* **Records supplied**:
==================================================

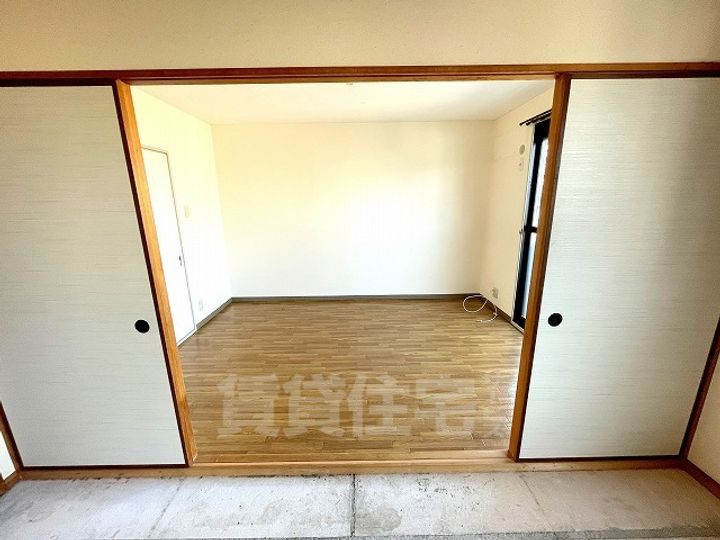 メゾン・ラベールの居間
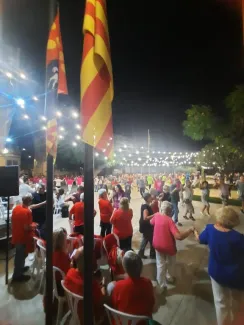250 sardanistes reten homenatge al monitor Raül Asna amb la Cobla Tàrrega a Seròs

==================================================

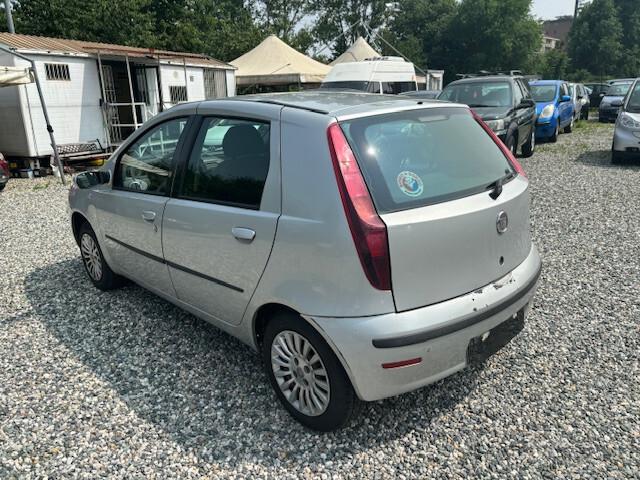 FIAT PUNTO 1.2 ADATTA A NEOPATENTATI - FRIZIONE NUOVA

==================================================

* **Exercise**: Repeat exactly the lines above, from the line that contains "メゾン・ラベールの居間" down through the line that contains "250 sardanistes reten". Include both of those lines and none of the pictures.

* **Reply**:
 メゾン・ラベールの居間
250 sardanistes reten homenatge al monitor Raül Asna amb la Cobla Tàrrega a Seròs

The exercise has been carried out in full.